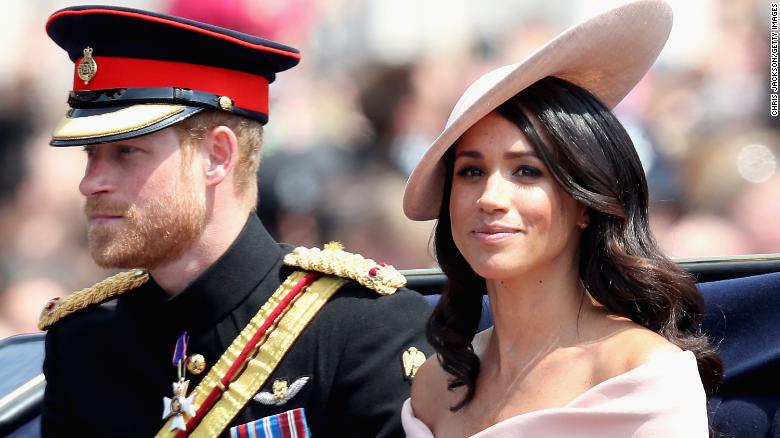 Harry and Meghan during Trooping The Colour on the Mall on June 9, 2018 in London, England. 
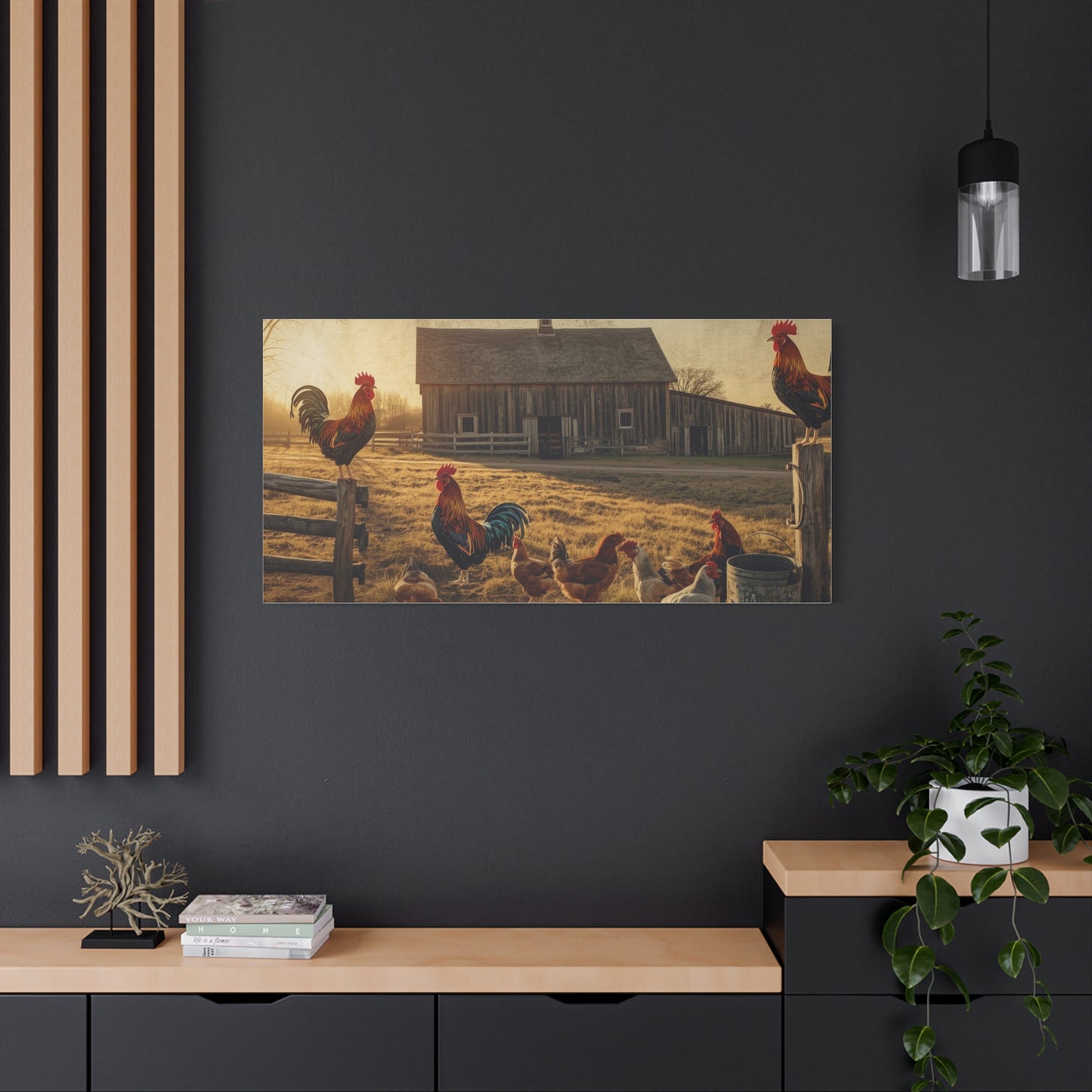 Rustic Morning Rooster Farm Matte Canvas Print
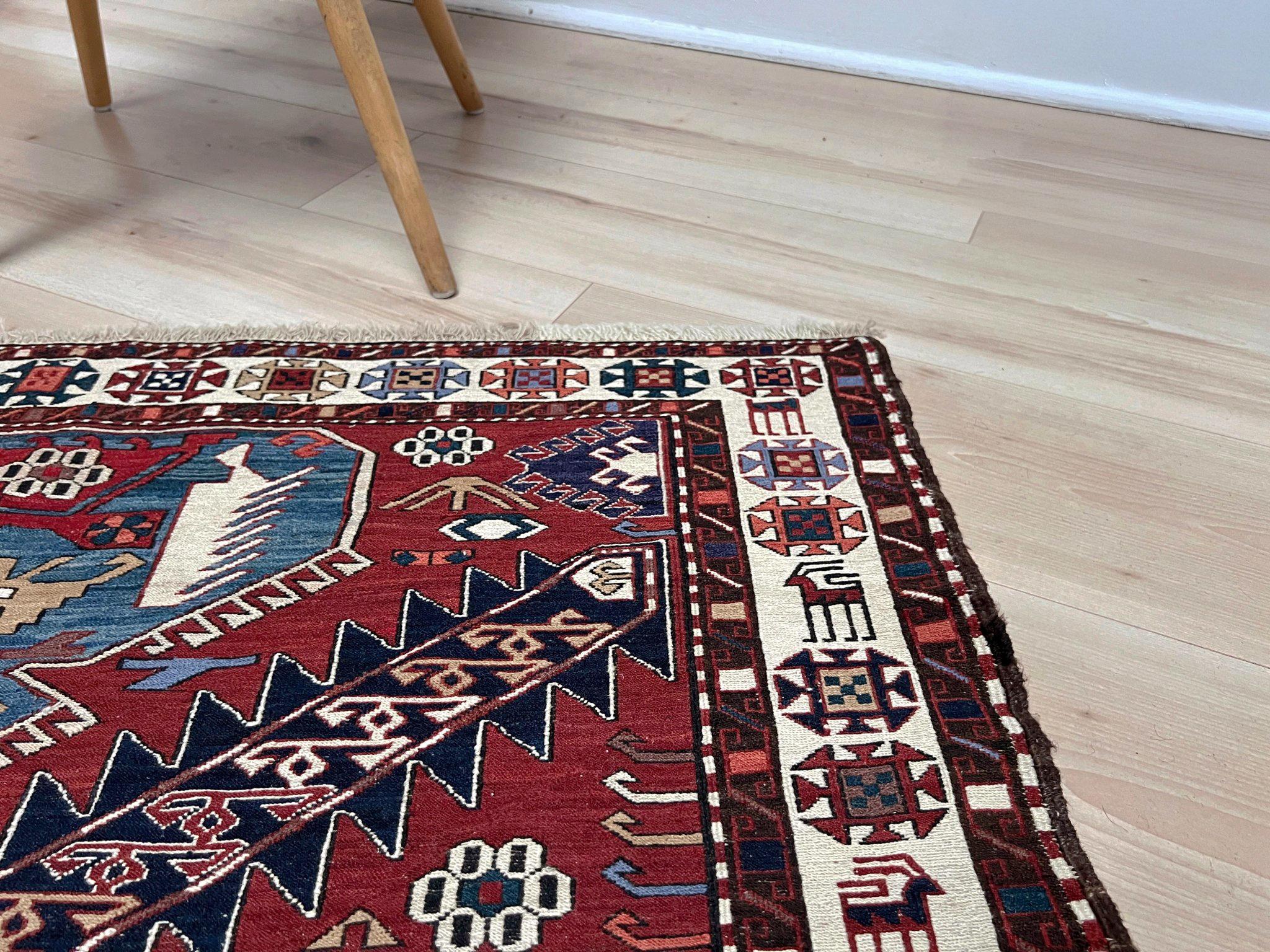 Shahsavan Soumak - Alfombra Persa Vintage de Tejido Plano / Arte de Pared (3'x5') - 1960s en venta 1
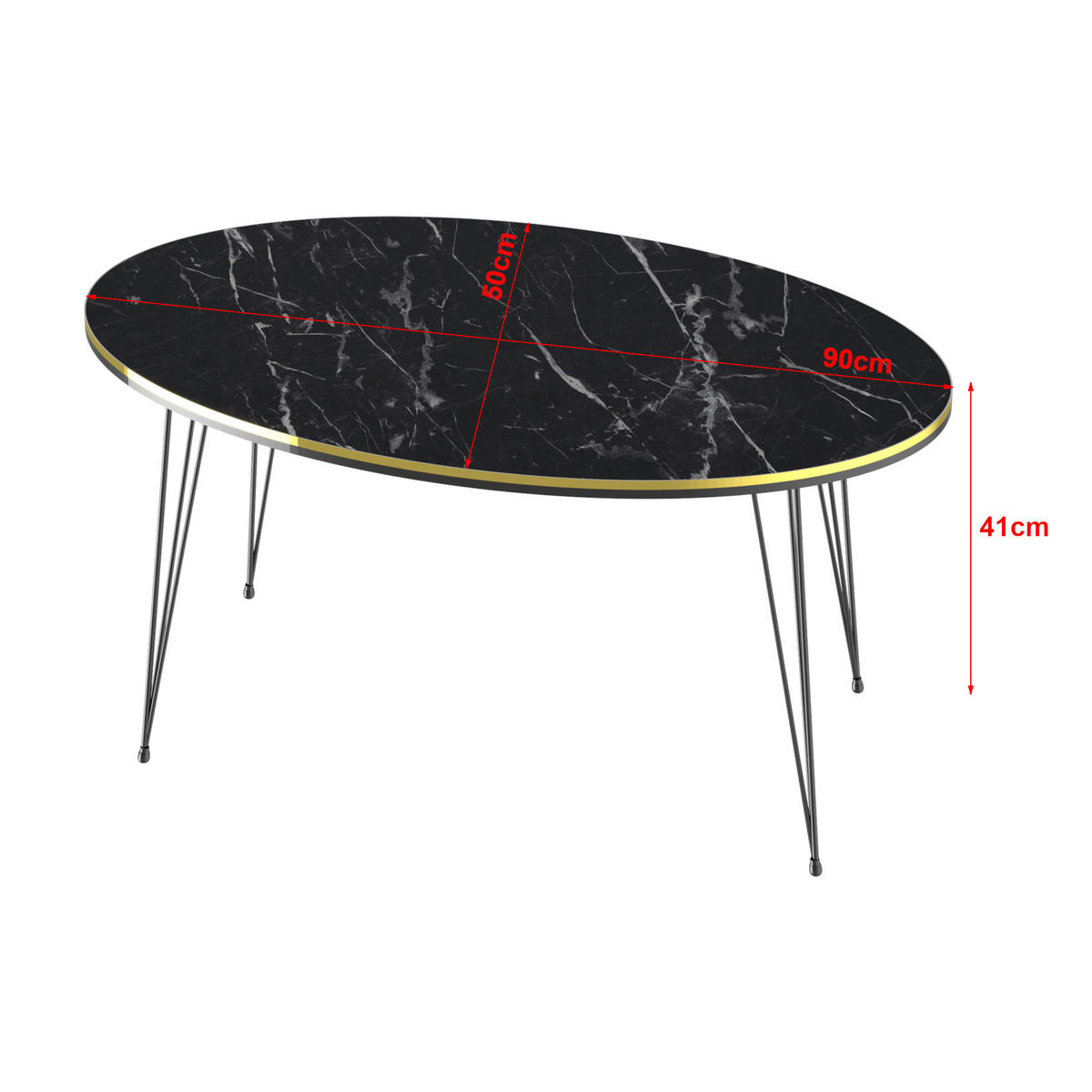 COUCHTISCH Hirtshals 90/50/41 - Schwarz, Holzwerkstoff (50/90/41cm) - [en.casa]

#### [Try it]
All that's required is the material above repeated exactly, minus any picture.

#### [Answer below]
 Harry and Meghan during Trooping The Colour on the Mall on June 9, 2018 in London, England. 
 Rustic Morning Rooster Farm Matte Canvas Print
 Shahsavan Soumak - Alfombra Persa Vintage de Tejido Plano / Arte de Pared (3'x5') - 1960s en venta 1
 COUCHTISCH Hirtshals 90/50/41 - Schwarz, Holzwerkstoff (50/90/41cm) - [en.casa]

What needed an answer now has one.